[TASK INPUT Boundary: Start]

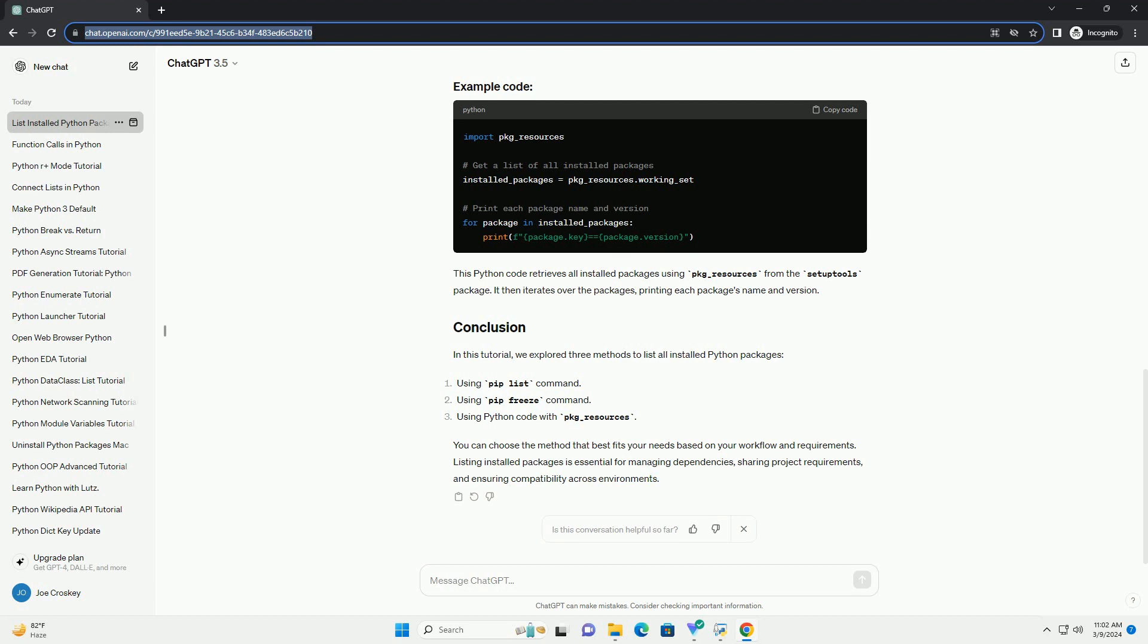Another common method to list installed packages is by using pip freeze. This command provides a complete list of installed packages along with their version numbers in a format suitable for requirements.txt file. This will output a list of installed packages and their versions.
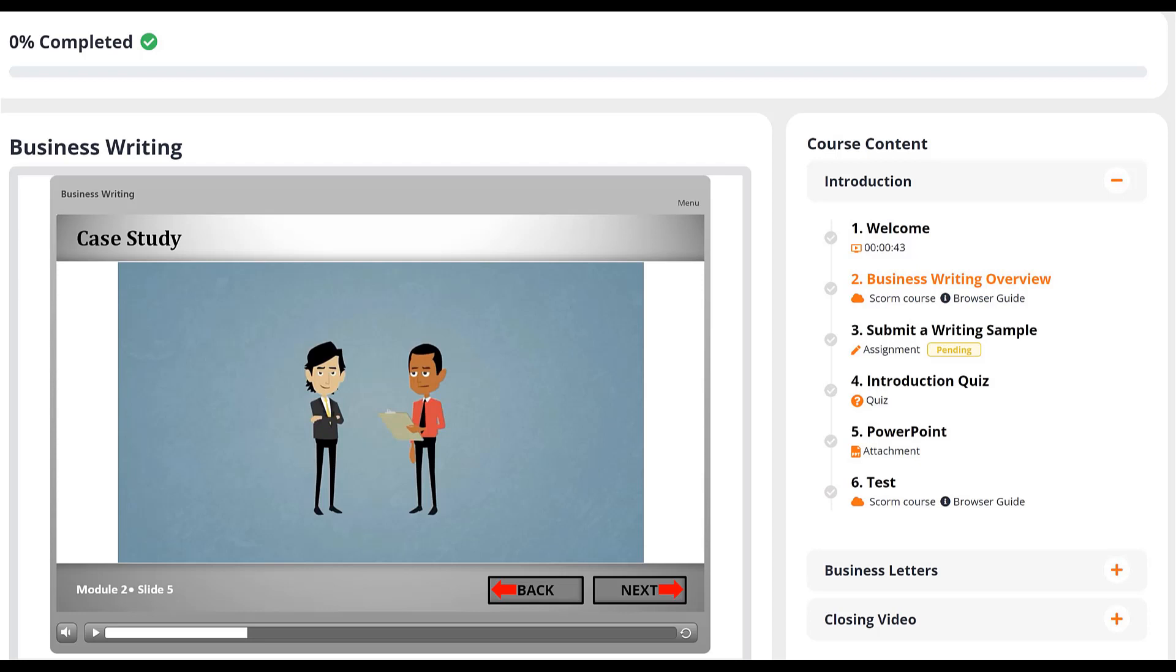In this video, we'll look at using SCORM files as a lesson type within your courses. As you may know, SCORM is an international standard for developing and sharing e-learning courses.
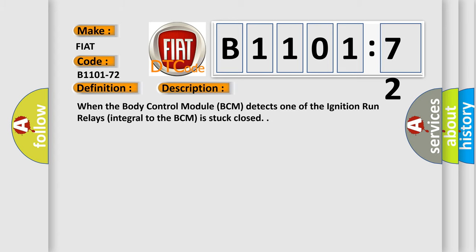When the body control module BCM detects one of the ignition run relays integral to the BCM is stuck closed.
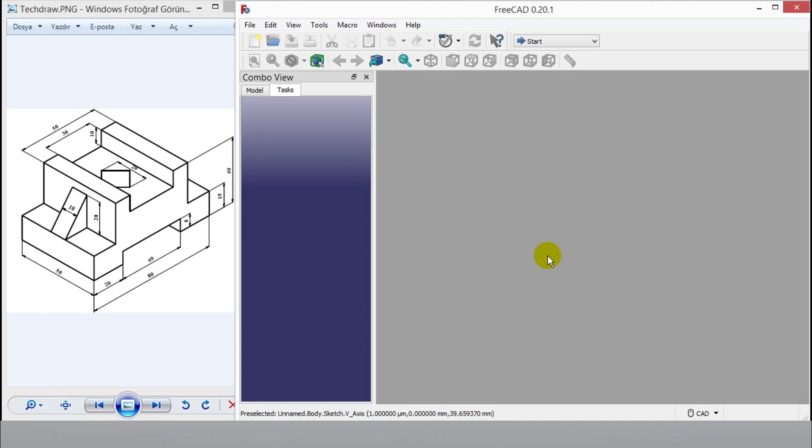Hello, welcome to my channel. I will show part design tutorial in FreeCAD. I add technical drawing video below. Check video description if you want to practice FreeCAD.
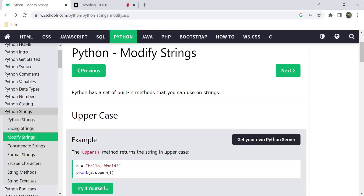Hello, welcome back to my channel TutorThings. I am going to show Python strings and the Python slicing method in this video.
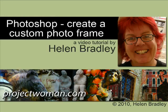I'm Helen Bradley. Thank you for joining me for this video learning session. You can find more of my work at projectwoman.com.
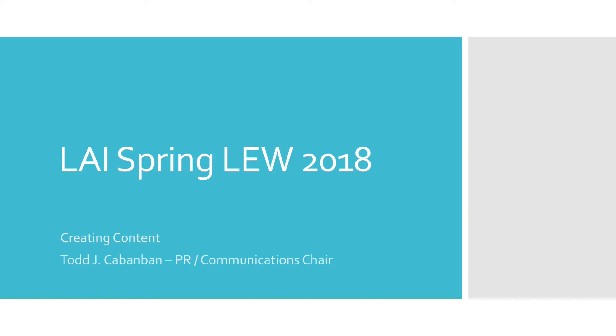This presentation is a brief message about creating content as part of our YouTube LAI channel initiative. After the basic introduction, we're going to work together on an exercise creating a simple piece of content.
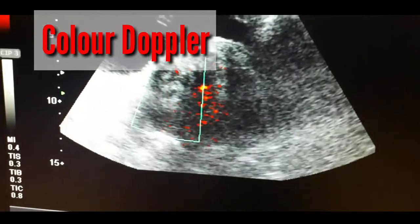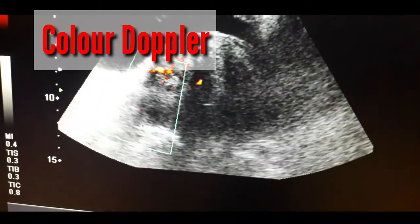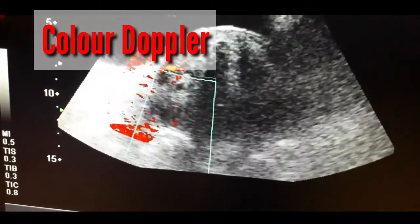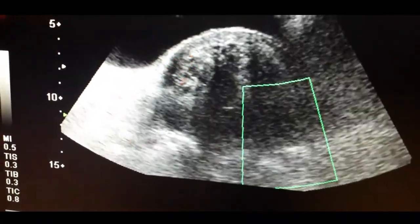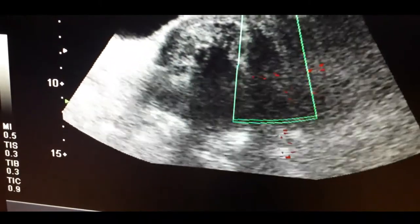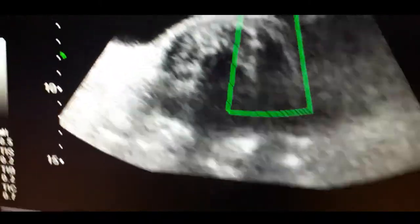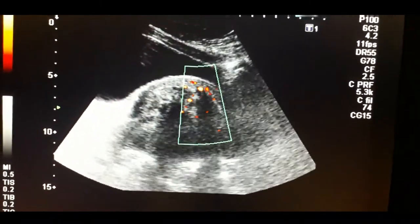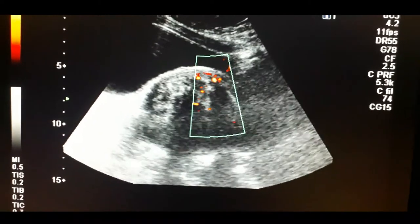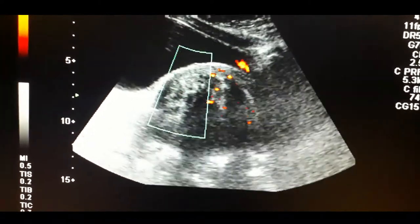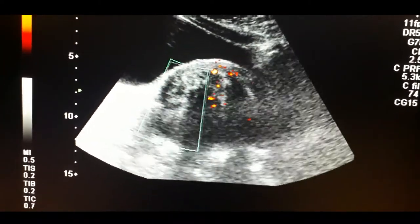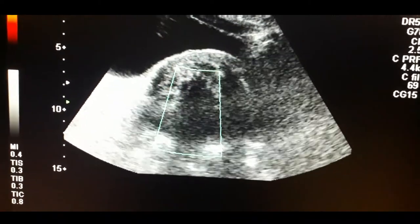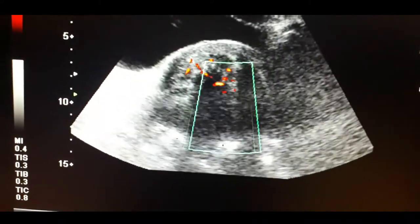Now I would like to apply power Doppler to assess the vascularity within the mass. You can appreciate the blood flow within the mass, confirming that it has vascularity.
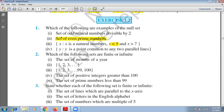Second part — set of even prime numbers. Prime numbers always start from 2, and there is only one even prime number, which is 2. So this set has a single element: {2}. Since the set has one element, it is not a null set.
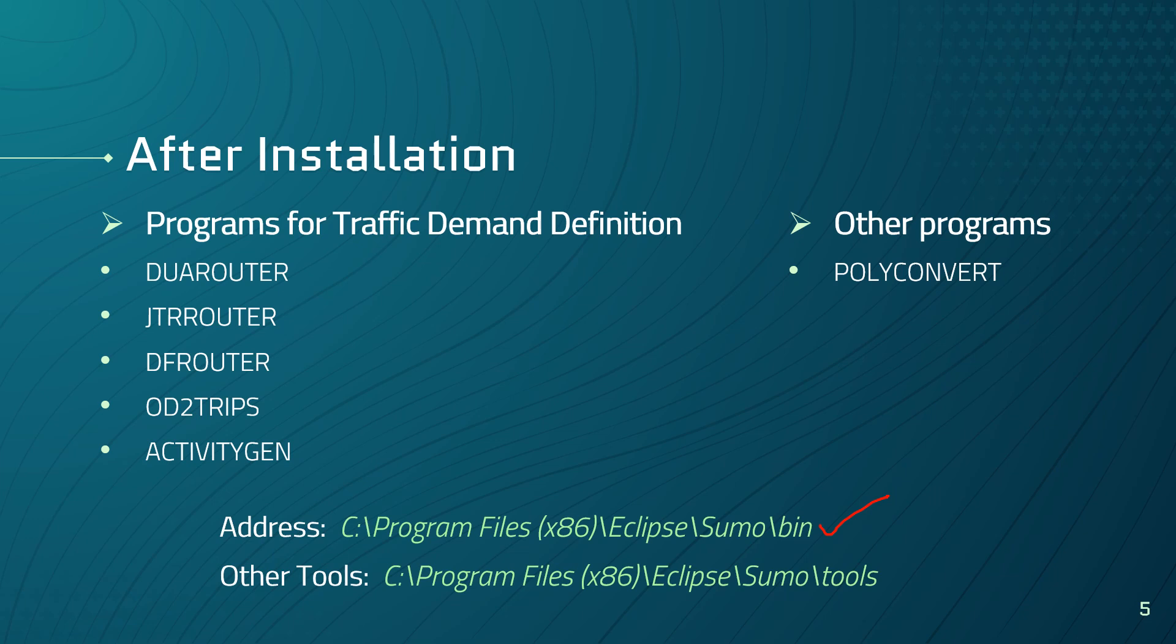There are over 150 additional tools. They cover topics from traffic network analysis, demand generation, demand modification to output analysis. Most of them are written in Python. These tools can be found in the tools directory where you installed your SUMO.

[TASK INPUT Boundary: End]

Your copy should hold only the lines from the line with "Now I would" through the end of the data above, both ends included, transcribed exactly and without pictures.

*ANSWER TO THIS EXERCISE*.
Now I would like to apply power Doppler to assess the vascularity within the mass. You can appreciate the blood flow within the mass, confirming that it has vascularity.
Second part — set of even prime numbers. Prime numbers always start from 2, and there is only one even prime number, which is 2. So this set has a single element: {2}. Since the set has one element, it is not a null set.
There are over 150 additional tools. They cover topics from traffic network analysis, demand generation, demand modification to output analysis. Most of them are written in Python. These tools can be found in the tools directory where you installed your SUMO.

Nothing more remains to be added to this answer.